Recently a friend sent me a BBC News page about Gawthorpe Hall. The following poem grew out of these events.

A Poem of Two Summers

i Then

At least, for now, the rain has stopped
the room remains cluttered with words
to describe this wet summer,
and prayers of thanks it is not as bad as 1816.
It is damp enough to keep them penned inside,
so he reads the letter once more.

Mr Kay-Shuttleworth realises he has had enough of the cage,
perceives the time has come, steps out into the garden.

The burdened leaves impart more water
than is healthy on his black broadcloth coat,
he does not care, for things come together,
such liberating circumstances as will free men
to build God’s Kingdom on this earth,
equality through education.

ii Now

Now the summer has wrung every
drop of moisture from the soil
I see the shadow of that Victorian garden.
Its ghost outline vividly demarcated
on the screen of my mobile phone,
over two hundred miles away
and nearly two hundred years later,
informed of its significance
for the hundreds of thousands, like me,
who have benefited from that vision,
I give thanks and praises that people
once cared enough to give others the opportunities
that these days we are more intent on removing.

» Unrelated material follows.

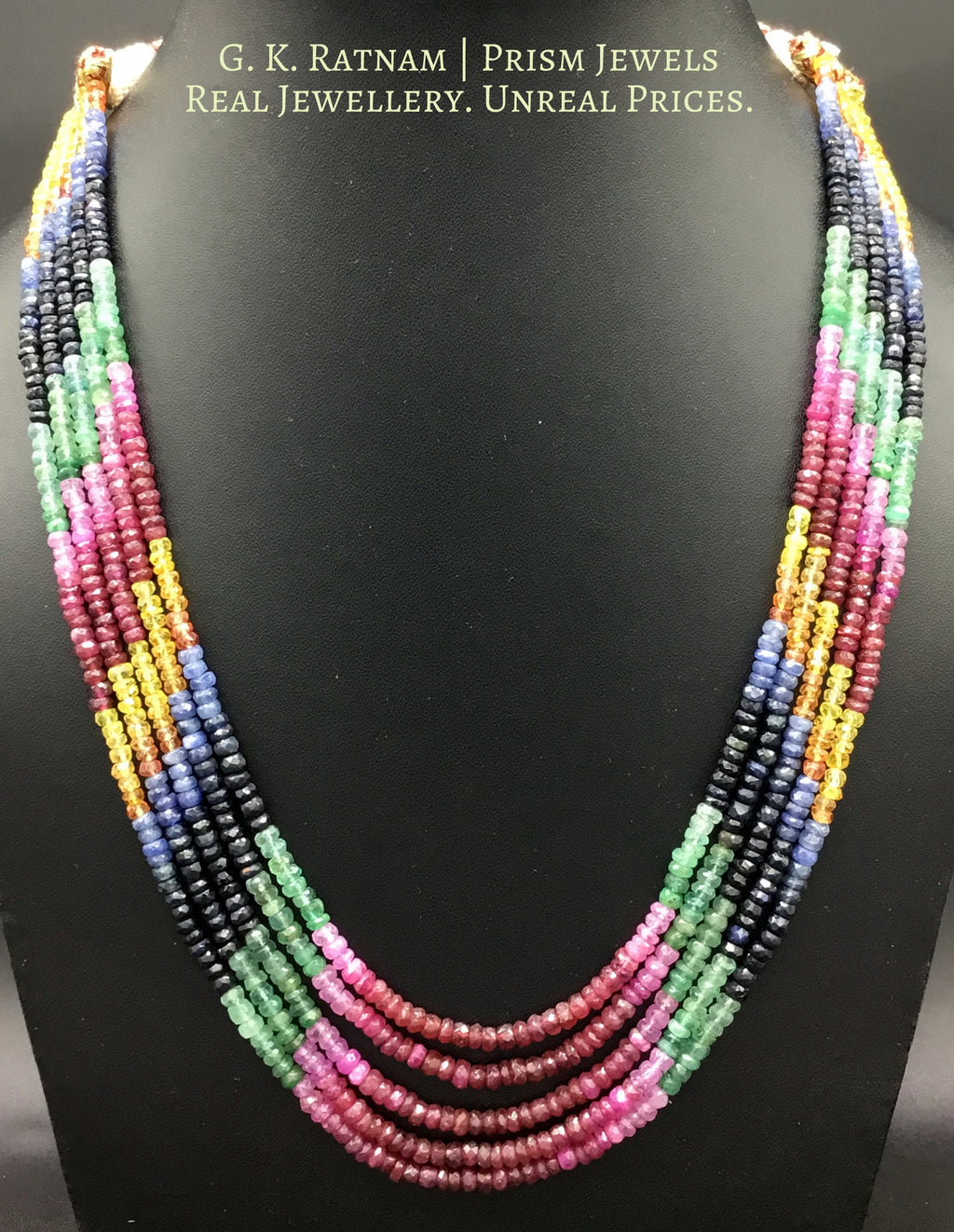 Five-row Rainbow Necklace with Natural rubies, emeralds, blue and yellow sapphires - G. K. Ratnam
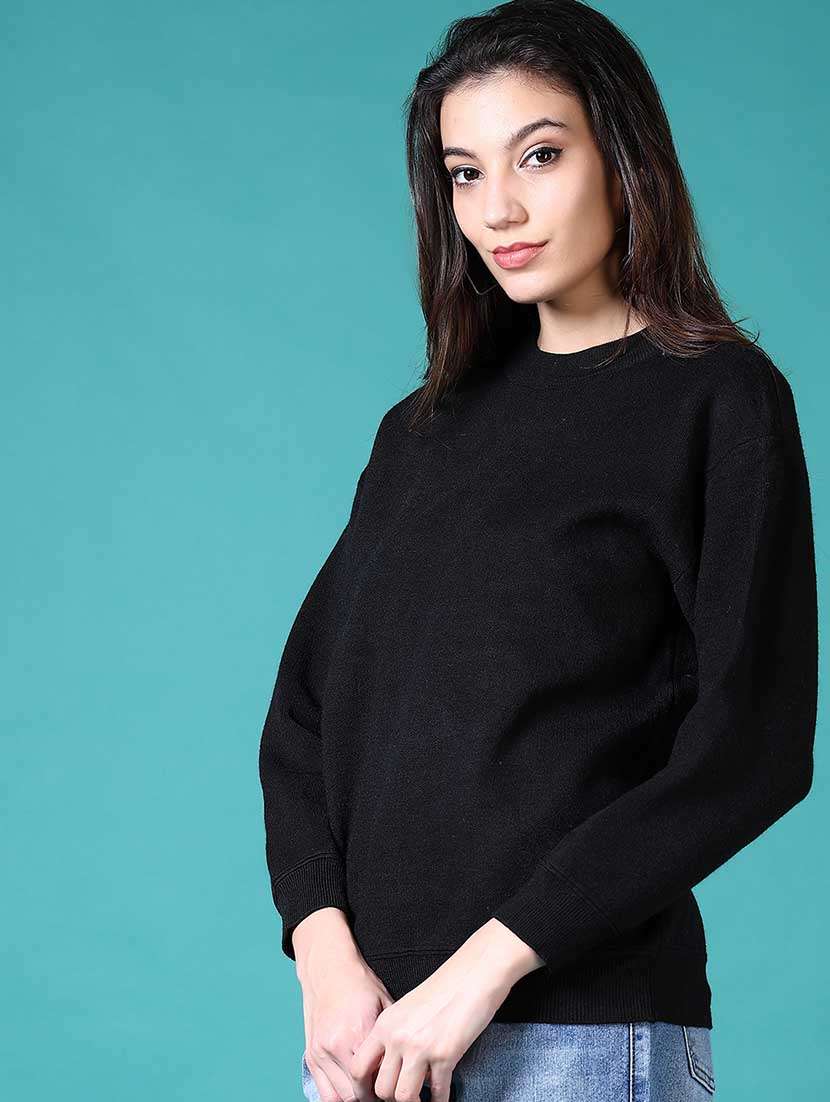 women solid long sleeves pullover - 21629005 -  Standard Image - 1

I should also explain that the summer of 1816 was the worst on record due to a volcanic explosion. 
I know this poem is not complete and I am wondering if the end is not too much tell and not enough show.
The difference between the Victorian sense of social duty and now is tremendous. In those days it was commonly agreed that it was everyone's duty to improve the lot of the less fortunate. How times have changed.